• EXERCISE DATA:
Segment Open

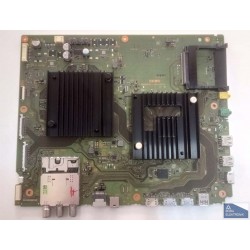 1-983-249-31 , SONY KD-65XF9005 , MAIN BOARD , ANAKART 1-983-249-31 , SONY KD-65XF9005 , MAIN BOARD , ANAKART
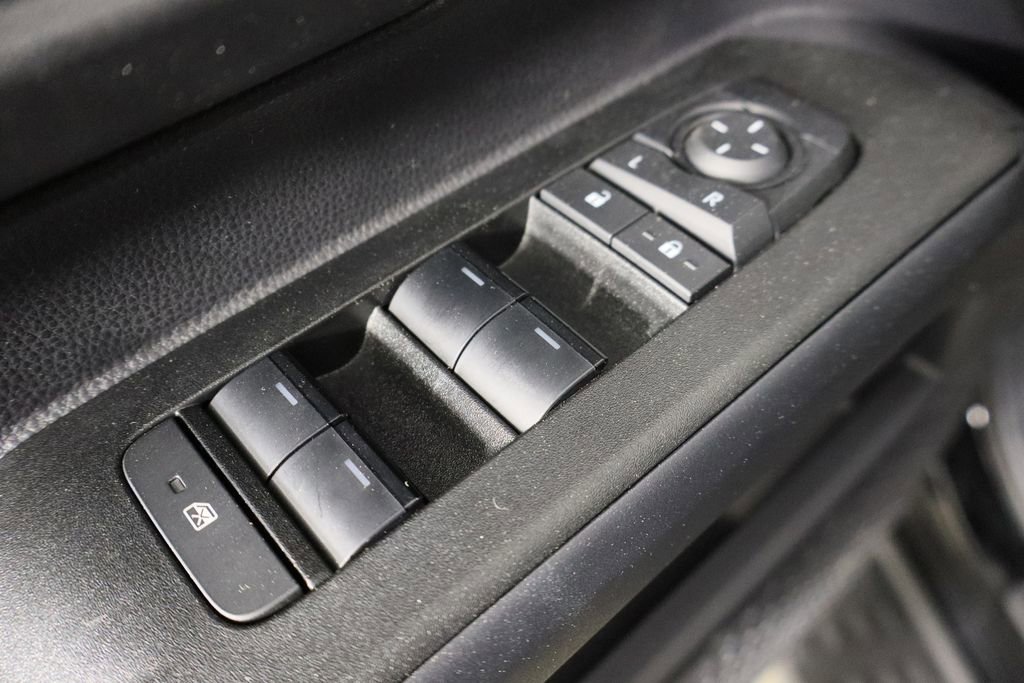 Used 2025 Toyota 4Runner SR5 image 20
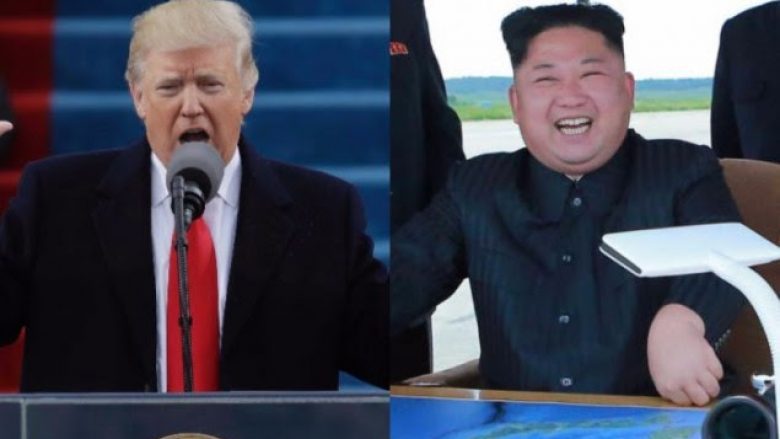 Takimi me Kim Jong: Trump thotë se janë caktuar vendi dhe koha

Segment Closed

• YOUR OBJECTIVE:
Reproduce the listing in full and exactly, excluding any pictures it holds.

• ANSWER AREA:
 1-983-249-31 , SONY KD-65XF9005 , MAIN BOARD , ANAKART 1-983-249-31 , SONY KD-65XF9005 , MAIN BOARD , ANAKART
 Used 2025 Toyota 4Runner SR5 image 20
 Takimi me Kim Jong: Trump thotë se janë caktuar vendi dhe koha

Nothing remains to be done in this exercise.